Problem #2: D&D's scale is all wrong for the Lovecraftian mythos. Lovecraft's mythos is inspired by the vast vistas of time and space that became apparent by the end of the 19th century. The mythos powers have cosmic scope and scale. Cthulhu is clearly of lesser stature within it, because he's confinable to a planet, and yet in his conception he's clearly able to claim any planet he wills as his own and evict the current tenets however advanced and puissant they may be. The Great Race of Yith and the Elder Things are clearly far more magically and technically advanced (sufficiently advanced... is indistinguishable from...) than humanity, and yet present no real challenge to Cthulhu's domination of the planet when the stars are right. D&D's heroes of are generally of a planetary and not cosmic scale, and yet would clearly have difficulty dealing with modern weaponry. So even Heracles is conceived at a profoundly smaller scale than most mythos bad guys. Within their own universe Odin and Thor are vastly more potent and important than Cthulhu is within the Lovecraftian universe - but the Lovecraftian universe is vastly out of scale with the universe of Odin and Thor at least as Odin and Thor are commonly conceived (in comics, modern fiction, and Viking epics). It's almost impossible to rank Odin in stature compare to Cthulhu. What is a great old one compared to a god? And yet, what is a god as limited as Odin compared to the star faring billions year old monstrosities? And arguably, the D&D universe at a particular gaming table is at yet a third scale. If Odin is CR 60 in his own universe, is he but CR 20 in the Lovecrafian universe? And vica versa? Really the problem is non-comparable quantities.

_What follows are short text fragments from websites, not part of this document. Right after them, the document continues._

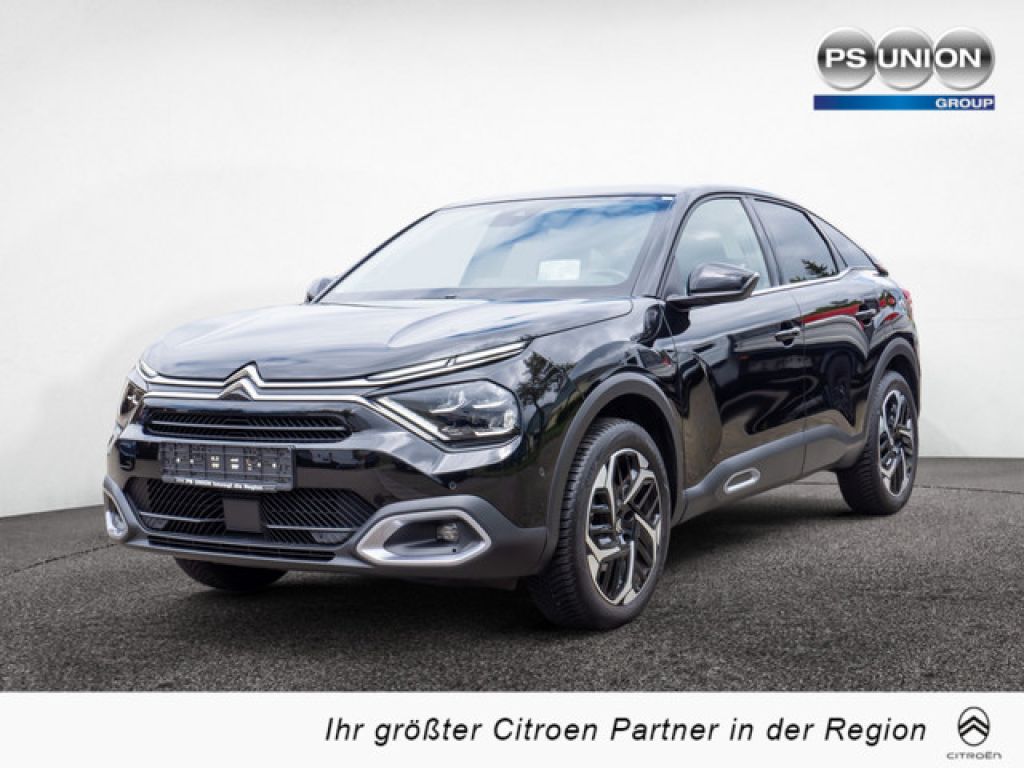 Citroen C4 bei Reisemobile.expert - Hauptabbildung Citroen C4 bei Reisemobile.expert - Hauptabbildung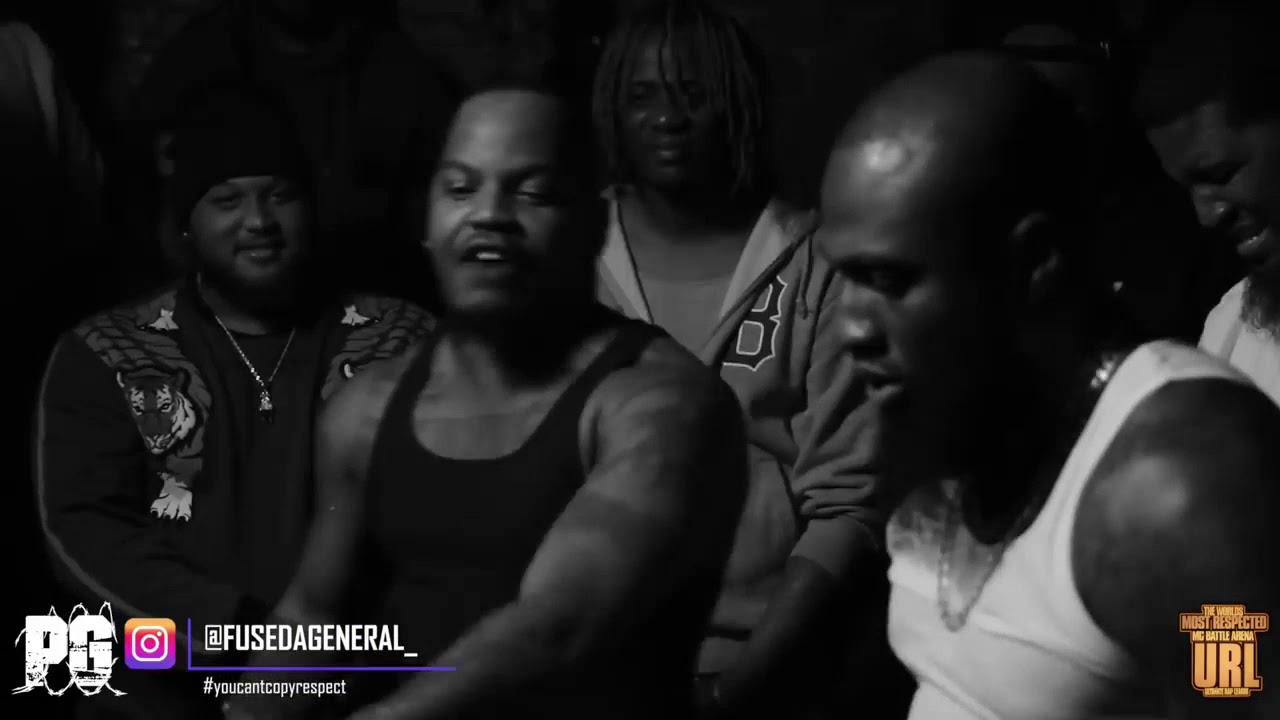 Ace Amin vs Fuse Da General (Bars only)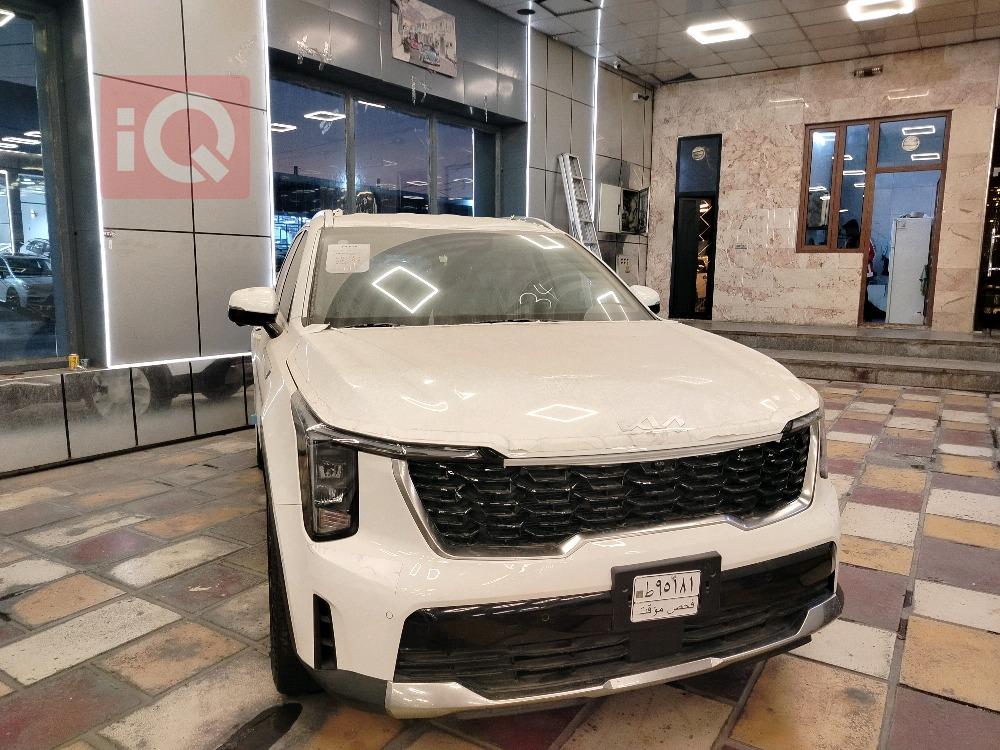 كيا سورينتو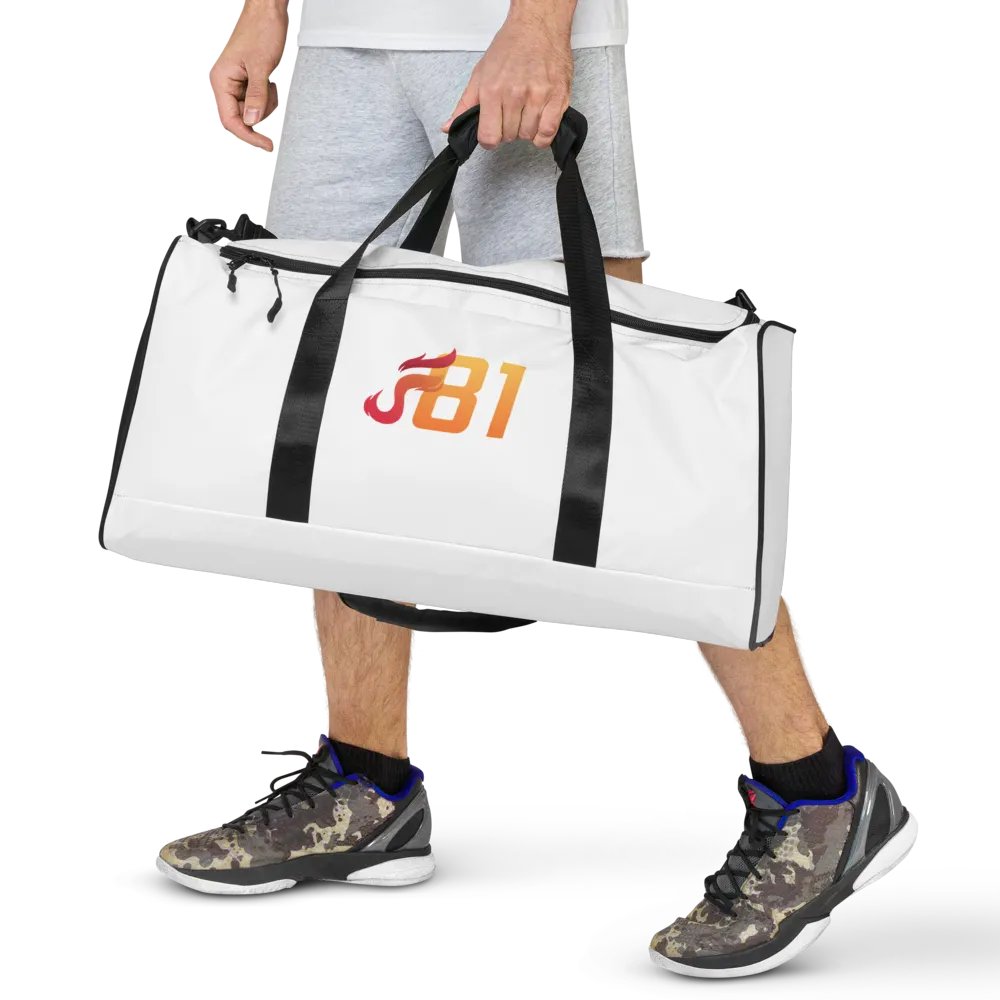 Firefighter_81 Sports bag product image (12)
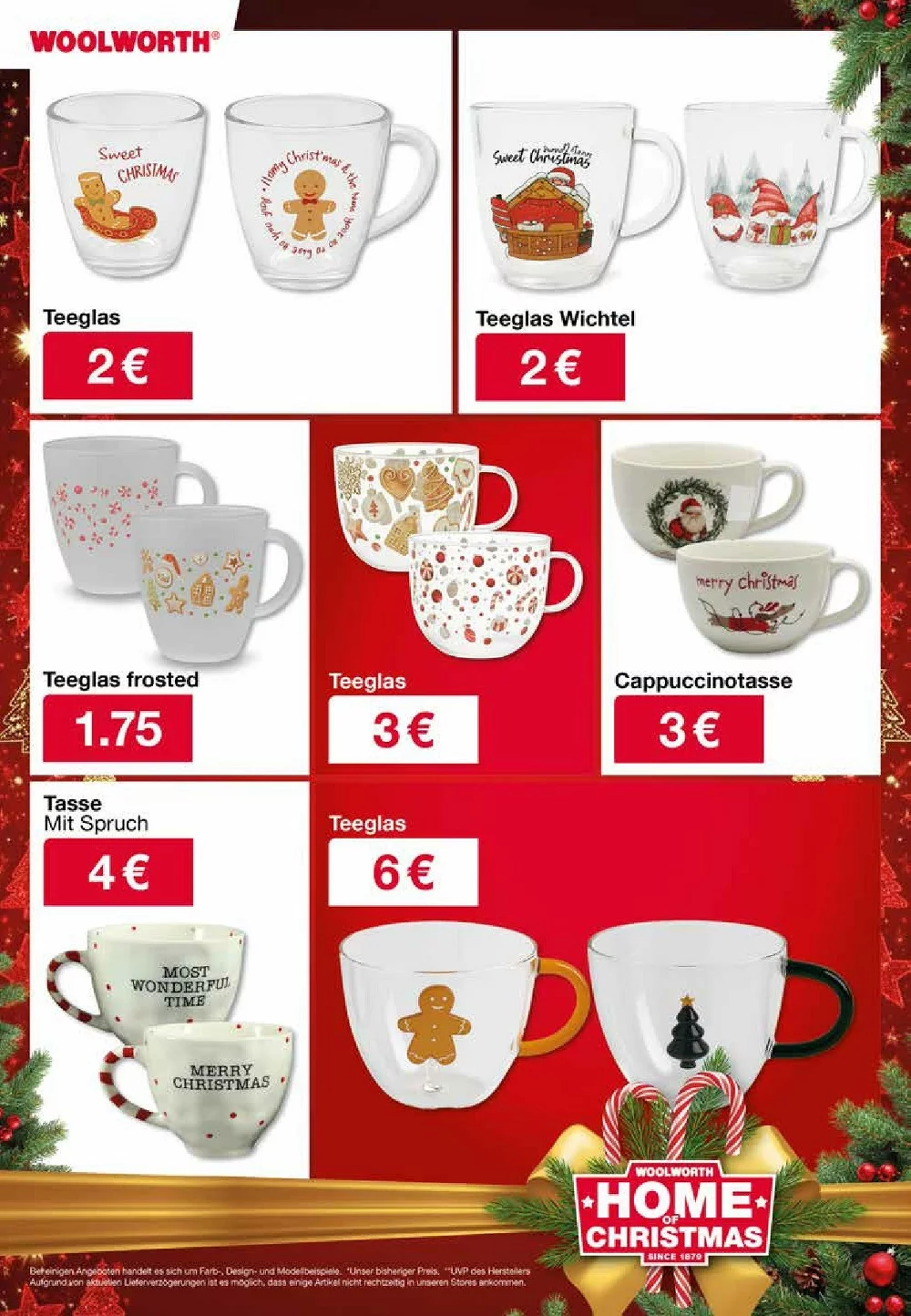 woolworth prospekt weihnachts 2025 59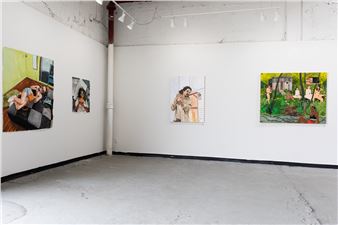 Jurell Cayetano, Gerald Lovell, Dianna Settles at Mint, Atlanta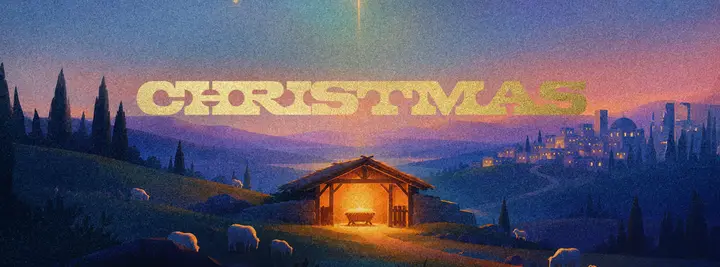 Christmas: facebook cover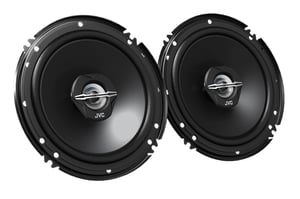 JVC CS-J620X Round 2-Way 300 W Car Speaker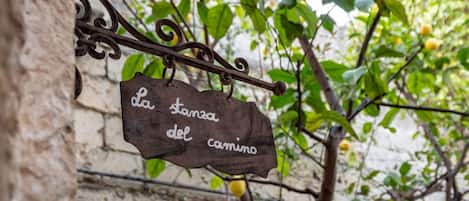 DĂ©tail de lâextĂ©rieur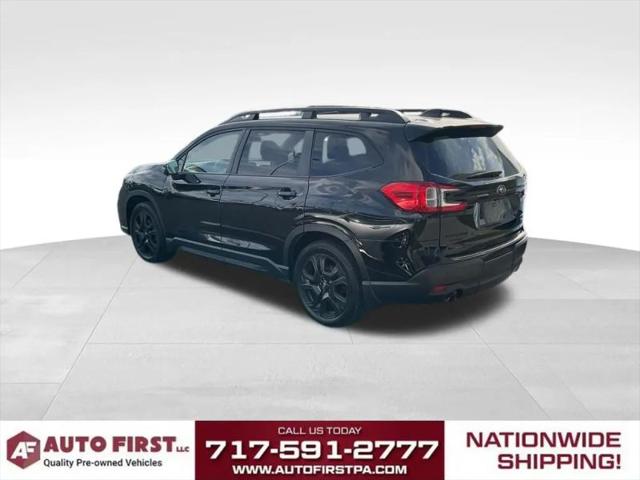 2023 Subaru Ascent Onyx Edition Limited 7-Passenger
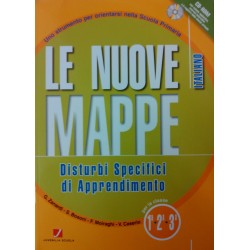 LE NUOVE MAPPE DSA Italiano...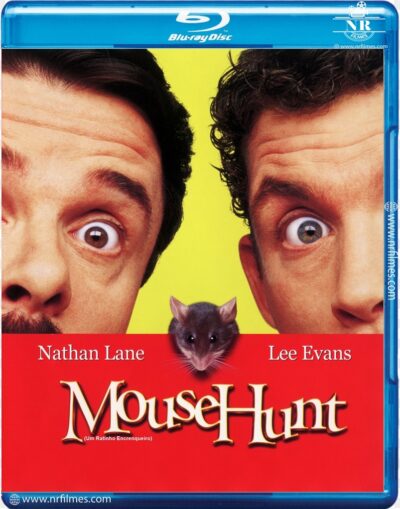Um Ratinho Encrenqueiro (1997) Blu Ray Dublado Legendado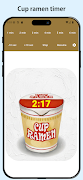 Ramen Timer স্ক্রিনশট 4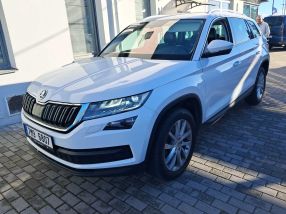 Skoda Kodiaq - 2018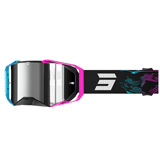 Masque Cross Shot Lite Volt Iridium 2027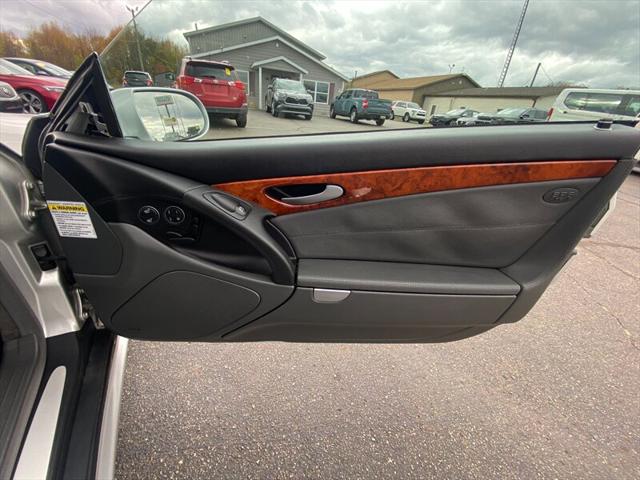 2004 Mercedes-Benz SL SL 55 AMG
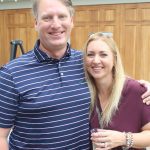 Andrew Wessel and Kristin Wessel.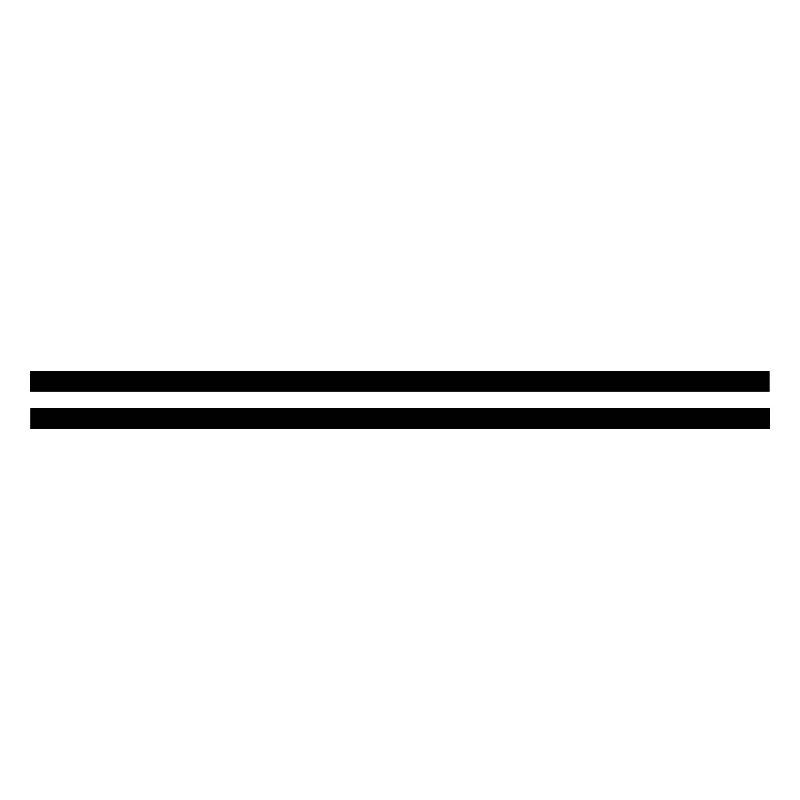 Ligne Double (double line)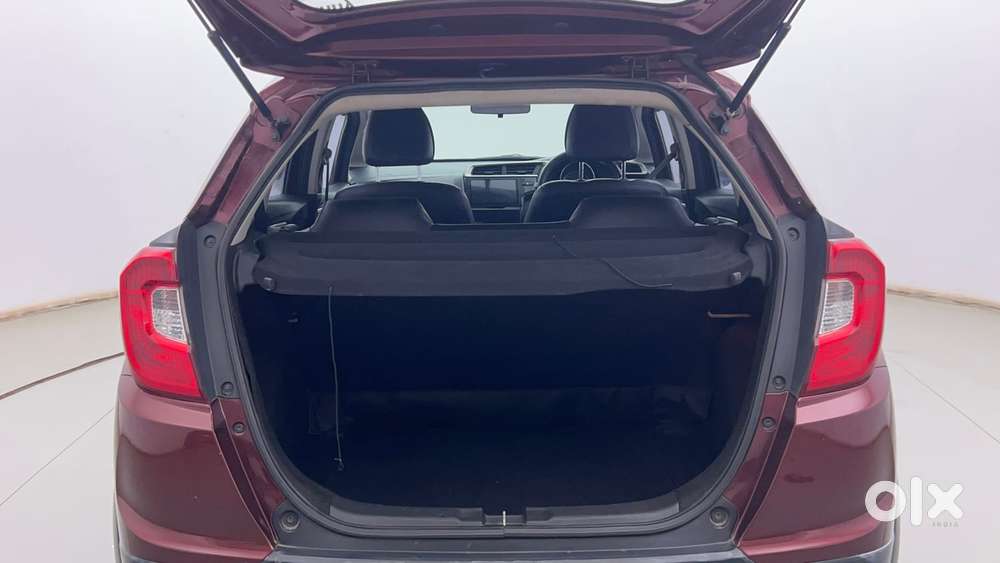 Honda Wr-v 1.2 Vx I-vtec, 2017, Petrol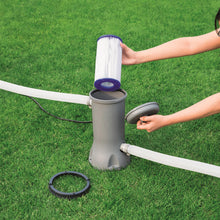 Load image into Gallery viewer, Bestway Type I, II, III or IV Flowclear Swimming Pool Filter Cartridge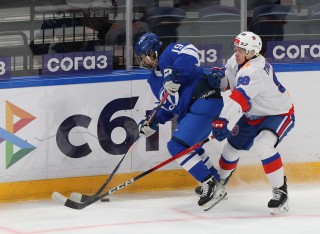 МХК Динамо Москва - Академия СКА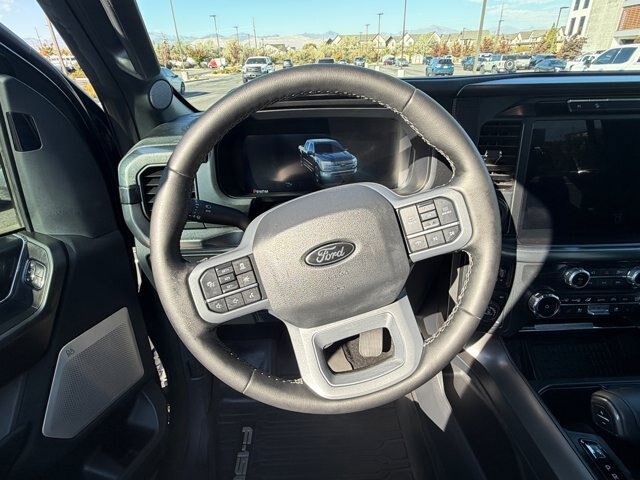 Certified 2025 Ford F150 Lariat w/ Equipment Group 502A High AWD/4WD image 9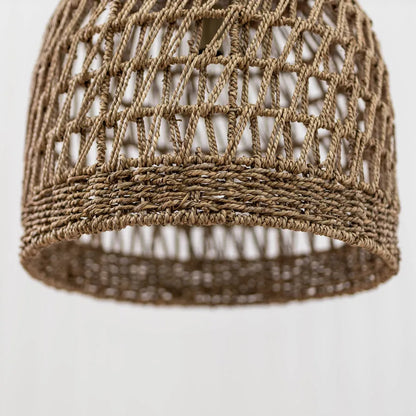Milford Rope Pendant Light - Natural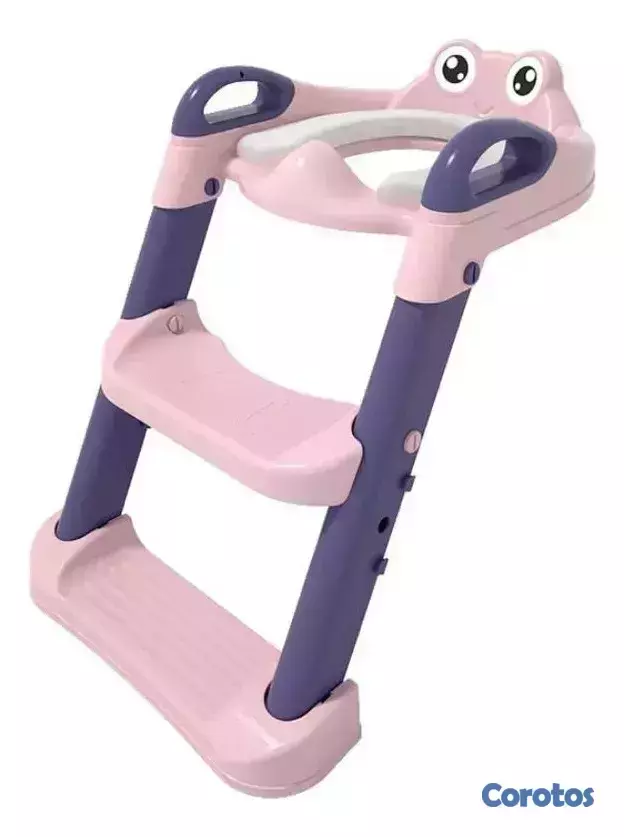 muebles - ESCALERA DE BAÑO PAPRA BEBE  4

Problem #3: The narrators of Lovecraftian stories are unreliable and uninformed. For all their education and intelligence, the narrators of Lovecraftian stories are in way over their heads. They can't be relied on to understand what they experience and correctly relate it. So, for example, I'm not at all convinced that in 'The Call of Cthulhu' what they actually experienced was Cthulhu directly and not, for example, merely a noisome bubble of evil dreams bursting up from the slumbering Cthulhu below. After all, the stars weren't really right. In D&D terms, they encountered an aspect or avatar of Cthulhu, not Cthulhu himself. This might well be the difference between a CR 12, CR 24, and CR 48 encounter. If Cthulhu and his kind are to be any actual threat to an advanced human civilization, they can't be vanquished by cruise missiles - much less a steam yacht. If Cthulhu can be coped with even to that degree, then there is nothing sanity destroying about awareness of him - that's just something else you could learn to cope with. It makes a big difference whether you think a low level mortal expert triumphed over dread Cthulhu himself, or just an inadvertent phantasm - the merest zephyr of the star spawn's trouble sleep.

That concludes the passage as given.